[YOUR INSTRUCTIONS]: Every line from the one with "Bengal Tiger Resting" to the one with "Zinker - Zinc", including those two, is to be copied exactly; all other lines of the entries below are left out.

Stored entries:
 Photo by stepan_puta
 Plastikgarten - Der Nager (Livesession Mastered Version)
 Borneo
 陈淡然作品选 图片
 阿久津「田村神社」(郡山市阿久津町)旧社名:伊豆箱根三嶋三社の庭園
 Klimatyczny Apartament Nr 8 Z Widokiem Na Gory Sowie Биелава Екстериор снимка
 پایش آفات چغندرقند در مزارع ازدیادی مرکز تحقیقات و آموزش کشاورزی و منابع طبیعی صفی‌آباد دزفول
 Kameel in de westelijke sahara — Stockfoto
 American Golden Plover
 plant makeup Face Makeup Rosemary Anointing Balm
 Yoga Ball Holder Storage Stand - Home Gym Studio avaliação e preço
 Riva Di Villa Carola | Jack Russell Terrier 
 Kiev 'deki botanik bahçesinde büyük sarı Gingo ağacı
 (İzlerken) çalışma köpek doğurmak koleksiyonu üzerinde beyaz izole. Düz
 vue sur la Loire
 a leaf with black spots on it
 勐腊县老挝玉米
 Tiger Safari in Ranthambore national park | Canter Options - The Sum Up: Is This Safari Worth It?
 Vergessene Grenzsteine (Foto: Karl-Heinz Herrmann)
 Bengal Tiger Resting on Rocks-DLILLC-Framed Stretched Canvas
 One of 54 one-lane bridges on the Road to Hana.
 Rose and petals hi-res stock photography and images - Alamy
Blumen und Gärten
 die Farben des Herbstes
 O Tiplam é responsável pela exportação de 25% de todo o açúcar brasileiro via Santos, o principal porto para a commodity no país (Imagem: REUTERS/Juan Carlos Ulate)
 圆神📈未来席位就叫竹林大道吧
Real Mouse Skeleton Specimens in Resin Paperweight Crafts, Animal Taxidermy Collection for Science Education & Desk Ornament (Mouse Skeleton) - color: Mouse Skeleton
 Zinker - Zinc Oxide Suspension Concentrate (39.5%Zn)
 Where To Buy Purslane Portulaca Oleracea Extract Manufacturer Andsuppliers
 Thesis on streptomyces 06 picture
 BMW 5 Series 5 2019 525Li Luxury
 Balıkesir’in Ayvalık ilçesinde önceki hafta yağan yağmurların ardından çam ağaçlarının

[YOUR SOLUTION]:
 Bengal Tiger Resting on Rocks-DLILLC-Framed Stretched Canvas
 One of 54 one-lane bridges on the Road to Hana.
 Rose and petals hi-res stock photography and images - Alamy
Blumen und Gärten
 die Farben des Herbstes
 O Tiplam é responsável pela exportação de 25% de todo o açúcar brasileiro via Santos, o principal porto para a commodity no país (Imagem: REUTERS/Juan Carlos Ulate)
 圆神📈未来席位就叫竹林大道吧
Real Mouse Skeleton Specimens in Resin Paperweight Crafts, Animal Taxidermy Collection for Science Education & Desk Ornament (Mouse Skeleton) - color: Mouse Skeleton
 Zinker - Zinc Oxide Suspension Concentrate (39.5%Zn)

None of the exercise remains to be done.